Although there were many “aha” moments which put us on the road to physical recovery, my daughter credits the turning point in her mental recovery to a speaker she heard who shared a verse from the Bible, a verse which says that we are, “Called and kept by God.”

Kept, a small word, but so descriptive of how even through such an intense time, God kept us safe and gave us just enough wisdom for the day. For all His gifts, I cannot help but be forever grateful.

Jennifer Pepito is married to her best friend and mom to seven children. She enjoys writing and speaking about the adventure of motherhood, drinking strong coffee and reading good books to her children (and herself).. She blogs about her adventures at http://homeschoolingforthewholefamily.blogspot.com



Amanda March 26, 2014 at 8:33 am

Love to you, as a survivor of an eating disorder, I know the ferocity of the foe you battled.

Jennifer March 27, 2014 at 7:23 am

Thanks for your kind words. I am very thankful that my daughter has come through such a horrific battle and I love hearing of others who have overcome as well.

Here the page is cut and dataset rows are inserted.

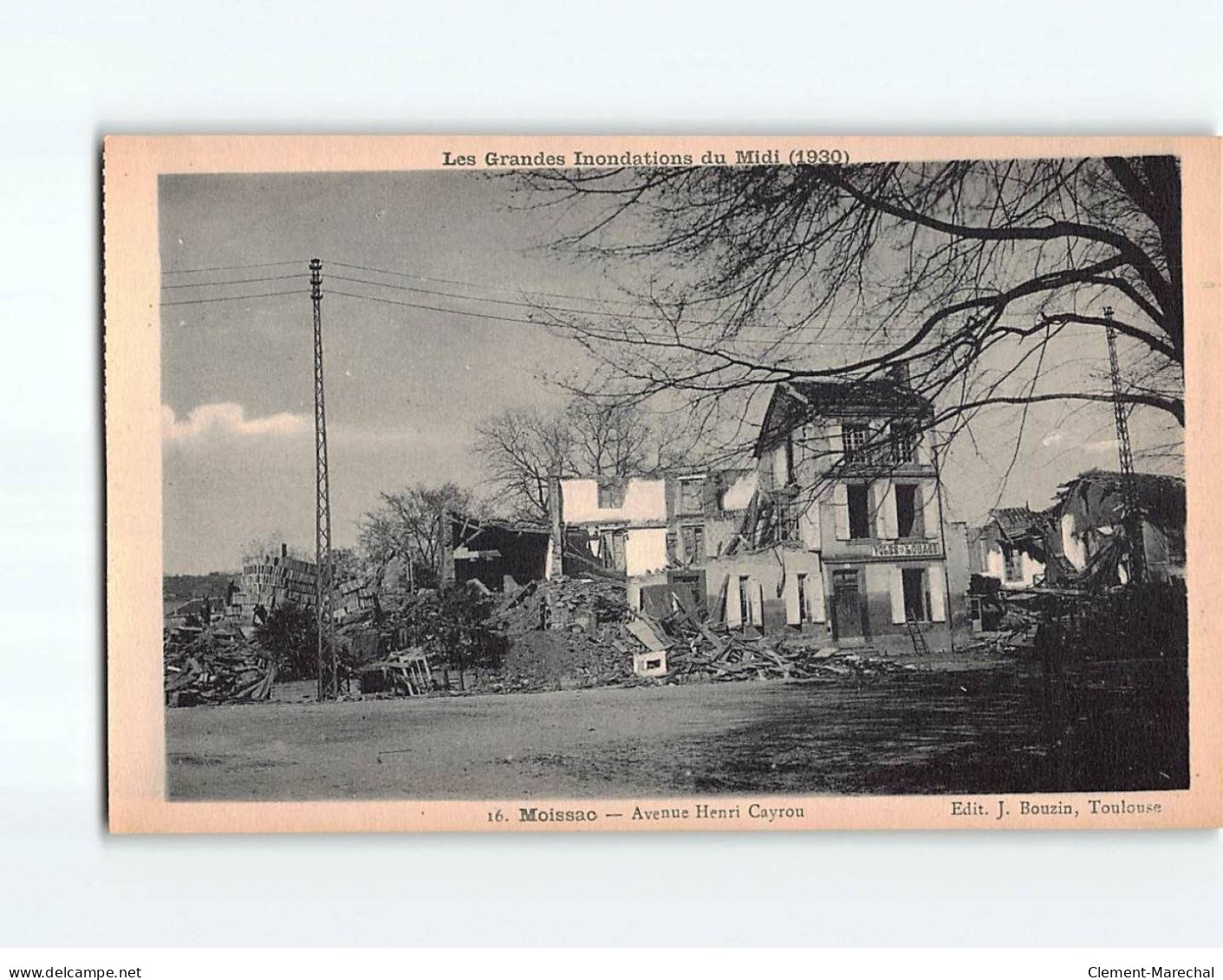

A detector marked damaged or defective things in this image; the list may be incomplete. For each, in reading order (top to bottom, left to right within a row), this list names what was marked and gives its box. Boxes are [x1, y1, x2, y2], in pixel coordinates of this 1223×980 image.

broken roof [748, 379, 929, 459] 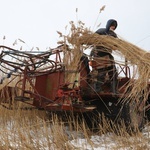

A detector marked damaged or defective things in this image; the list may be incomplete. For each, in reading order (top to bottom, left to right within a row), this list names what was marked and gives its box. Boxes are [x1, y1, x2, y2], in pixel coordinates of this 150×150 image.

rusty farm equipment [0, 45, 149, 131] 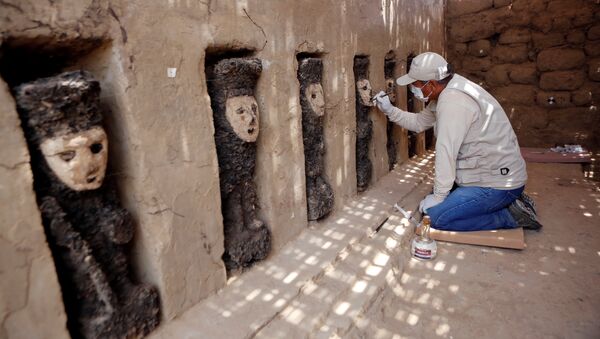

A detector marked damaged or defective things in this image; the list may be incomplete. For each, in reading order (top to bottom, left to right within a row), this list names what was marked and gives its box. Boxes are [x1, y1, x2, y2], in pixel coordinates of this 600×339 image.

cracked wall surface [0, 0, 440, 336]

Joey March 26, 2014 at 11:05 am

Wow. Eating disorders terrify me. I’m not sure why I’ve settled on that as one thing in particular to watch out for in my daughter, but I’m conscious of how we treat food in our house for that reason specifically. Unfortunately, I don’t think there’s much you can do to prevent those issues. I’m so glad you found a way to help your daughter in your own home.

Jennifer March 27, 2014 at 7:31 am

Hi Joey,
Having a daughter with an eating disorder was never a fear of mine, I didn’t even consider it a possibility. On this side of the journey though, I wish I had not been so
behavior oriented, and I wish I had spent a lot more time explaining to my daughter that her behavior can’t save her, that was Jesus department. All she needed to do was rest in His love.
I have had a few years to work on this with my younger children, they are a bit louder and messier and less responsible, but I really hope they understand that God loves them no matter what. I think knowing you are loved by God is the best antidote to any addiction.

Judy@MommyTodayMagazine March 29, 2014 at 11:01 am

My best friend was battling anorexia when we were in high school. I’m ashamed to say I did not recognize the (obvious) signs until she ended up in hospital being force fed. She turned out alright after years of therapy, but it scars you and your loved ones for live.

I’m glad your daughter is doing fine now. Sending blessings your way.

Desperate Houselife May 14, 2014 at 5:54 am

I had an eating disorder when I was a pre-teen. I am so glad awareness is better now than it used to be. It can be hard to understand and very trying for those who love us. I know people just want to ask, “Why doesn’t she just EAT?” I wish it were that simple. Your daughter is lucky to have a caring mom!